The ban remains despite the extreme weather conditions in April, which saw record levels of rainfall and a washout start to the tourist season.
Melanie Wood, director of Pleasure Island, in Cleethorpes, described rainfall as "continuous and heavy" and described it as "the worst start to the season" since opening 20 years ago.
The area's nearest reservoir at Covenham is now at levels of 95 per cent after the rain, however, Anglian Water says that we will need at least three more months like April before we are out of the drought.
A spokesman said: "We've got to be careful not to let the recent rainfall mask the 'hidden drought' that still exists in our groundwater stores – the aquifers that supply about 50 per cent of all the water that our customers use.
"These aquifers are still notably low and it takes longer for them to be affected by drought, but it also takes longer for them to recover when it rains – many months, in some cases.

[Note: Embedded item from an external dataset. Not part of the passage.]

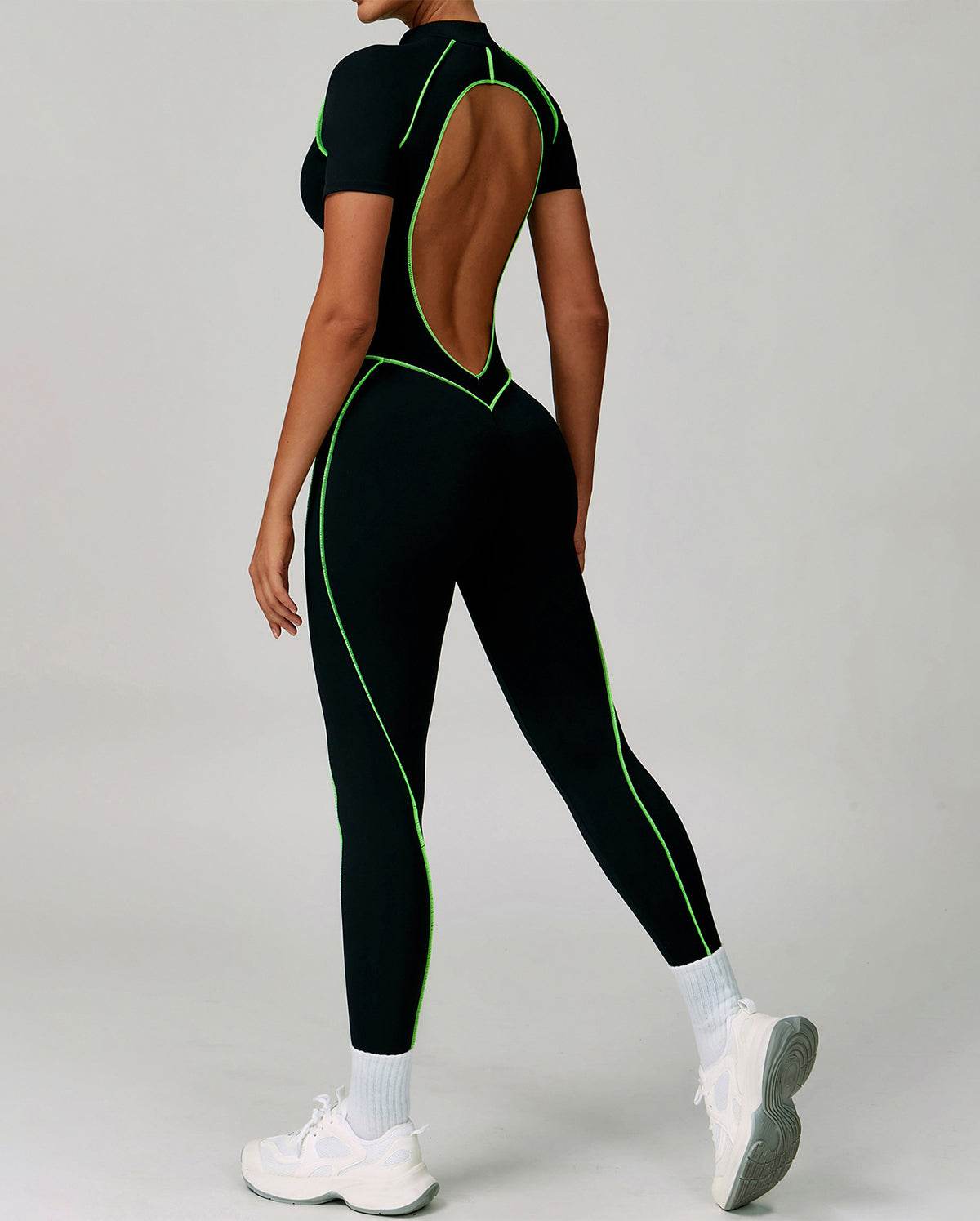 Three Dimensional Line Sports Backless Short Sleeve Jumpsuit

"The irony of having a hosepipe ban in place while it's throwing it down isn't lost on us.
"We have had the wettest April on record so reservoirs such as Covenham may look full, but April's rainfall follows the driest March since 1953, at the end of the driest 18 months in a century."
Anglian also expects demand for water to rise in the summer.
"When the rain stops and things warm up with the onset of summer, we expect demand for water to rise, and we're going to need to do all we can to conserve the water that is in the environment," the spokesman added.
The ban applies to individuals, but not businesses such as farms that rely on the water supply, although the local authorities have also been banned from using hosepipes for grounds maintenance.
However, North East Lincolnshire Council's parks and open spaces manager Alan Fletcher said that the grounds have not suffered as a result.
"We try to do what we can to use sustainable water sources as it is and there has been plenty of rain over the past month," he said.
He also advised residents to use manure and compost, which retains water in your garden, and reuse water wherever possible.